(Work request)
Go to the line holding "La Place Clichy, 1912 von Pierre Bonnard" in the entries below and write out exactly every line down to and including the line holding "八字日柱为金 八字日柱为金 木多做什么行业好呢".

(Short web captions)
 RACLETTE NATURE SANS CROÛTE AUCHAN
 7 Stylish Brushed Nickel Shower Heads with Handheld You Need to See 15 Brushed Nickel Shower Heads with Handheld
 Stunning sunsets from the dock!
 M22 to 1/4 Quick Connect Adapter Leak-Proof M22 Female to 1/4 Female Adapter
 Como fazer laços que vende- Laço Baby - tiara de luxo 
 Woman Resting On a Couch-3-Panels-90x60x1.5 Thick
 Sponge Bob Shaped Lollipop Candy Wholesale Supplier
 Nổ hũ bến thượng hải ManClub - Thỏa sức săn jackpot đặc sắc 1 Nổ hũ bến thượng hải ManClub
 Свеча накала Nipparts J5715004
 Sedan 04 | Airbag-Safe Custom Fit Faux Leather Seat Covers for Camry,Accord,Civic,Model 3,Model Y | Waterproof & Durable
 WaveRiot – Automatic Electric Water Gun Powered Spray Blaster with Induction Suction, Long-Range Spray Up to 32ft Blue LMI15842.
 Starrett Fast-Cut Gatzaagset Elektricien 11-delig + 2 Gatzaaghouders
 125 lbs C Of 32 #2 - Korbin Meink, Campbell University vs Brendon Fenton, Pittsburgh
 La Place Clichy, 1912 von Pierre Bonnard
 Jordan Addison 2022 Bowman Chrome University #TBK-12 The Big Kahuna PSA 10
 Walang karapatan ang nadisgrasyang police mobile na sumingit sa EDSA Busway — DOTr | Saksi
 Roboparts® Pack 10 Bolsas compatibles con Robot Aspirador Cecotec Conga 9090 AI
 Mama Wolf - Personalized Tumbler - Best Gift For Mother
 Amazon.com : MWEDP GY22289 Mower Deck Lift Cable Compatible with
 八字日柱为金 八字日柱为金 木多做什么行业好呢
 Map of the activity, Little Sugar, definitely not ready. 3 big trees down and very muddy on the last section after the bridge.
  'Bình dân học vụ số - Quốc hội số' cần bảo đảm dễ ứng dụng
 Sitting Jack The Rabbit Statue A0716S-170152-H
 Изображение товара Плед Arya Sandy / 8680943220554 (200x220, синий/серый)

(Exercise answer)
 La Place Clichy, 1912 von Pierre Bonnard
 Jordan Addison 2022 Bowman Chrome University #TBK-12 The Big Kahuna PSA 10
 Walang karapatan ang nadisgrasyang police mobile na sumingit sa EDSA Busway — DOTr | Saksi
 Roboparts® Pack 10 Bolsas compatibles con Robot Aspirador Cecotec Conga 9090 AI
 Mama Wolf - Personalized Tumbler - Best Gift For Mother
 Amazon.com : MWEDP GY22289 Mower Deck Lift Cable Compatible with
 八字日柱为金 八字日柱为金 木多做什么行业好呢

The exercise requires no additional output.